A more detailed look at Pgwatch2 PostgreSQL monitoring tool

To follow up on the previous introductory post here on the new pgwatch2 monitoring tool (Open Source project, Github link here), we’ll now look a bit deeper under the hood and provide some more info on customization options. Here we still assume the default Docker installation and I’ll first start by listing and describing all the components inside the Docker image and follow with some advanced topics.

The configuration database

This is a standard (apt-get install postgresql) PostgreSQL database running inside Docker and it’s purpose is to store the information about which databases are to be monitored and in which configuration. Configurations more specifically are composed of:

Metric definitions – metrics are named SQL queries that can return pretty much everything you find useful and which can have different query text versions for different target PostgreSQL versions. Correct version of the metric definition will be chosen automatically by regularly connecting to the target database and checking the version. For defining metrics definitions you should adhere to a couple of basic concepts though:

  1. Every metric query should have an “epoch_ns” (nanoseconds since epoch, default InfluxDB timestamp precision) column to record the metrics reading time.

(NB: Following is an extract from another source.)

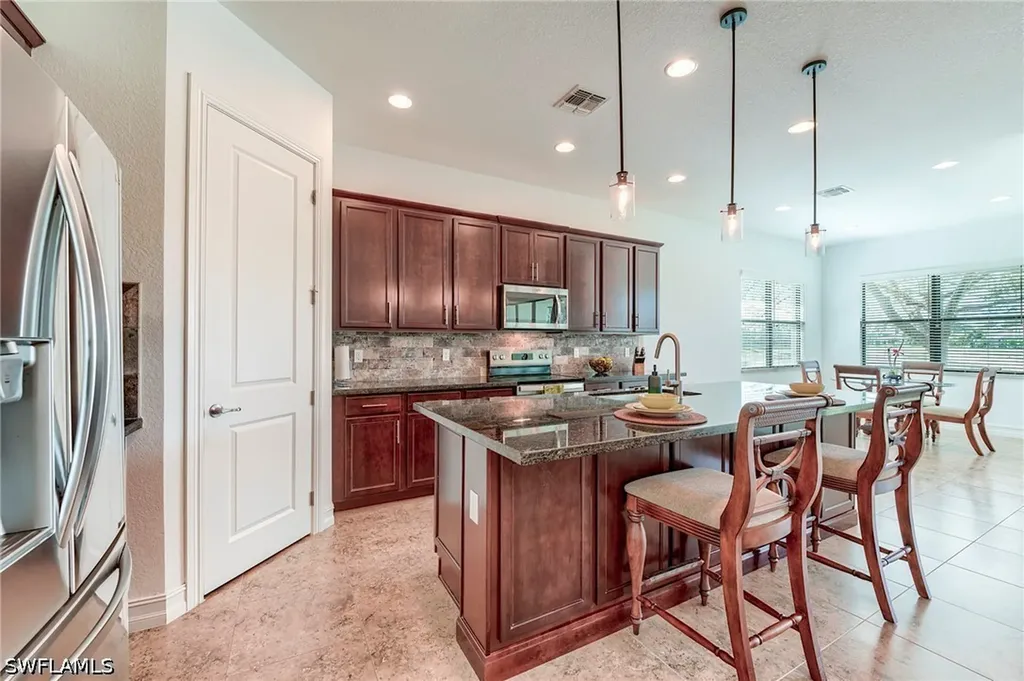 9209 Woodhurst Drive Naples FL 34120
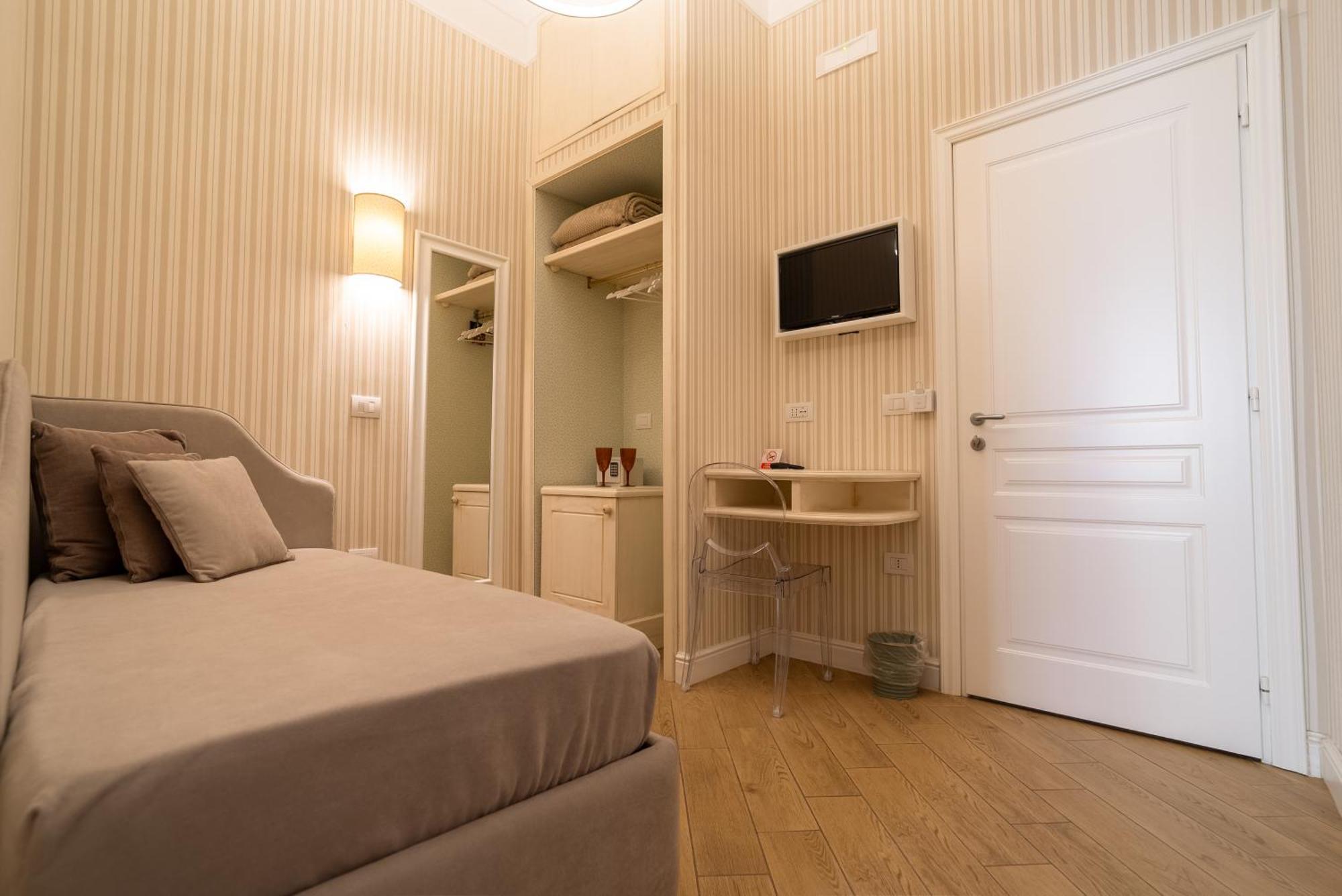 Florita Napoli Otel Dış mekan fotoğraf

If the column is not there, things will still work though as gathering server’s timestamp will be used, you’ll just lose some milliseconds (assuming intra-datacenter monitoring) of precision.
  2. Queries can only return text, integer, boolean or floating point (a.k.a. double precision) data.
  3. Columns can be optionally “tagged” by prefixing them with “tag_”. By doing this, the column data will be indexed by the InfluxDB giving following advantages:
    1. Sophisticated auto-discovery support for indexed keys/values, when building charts with Grafana.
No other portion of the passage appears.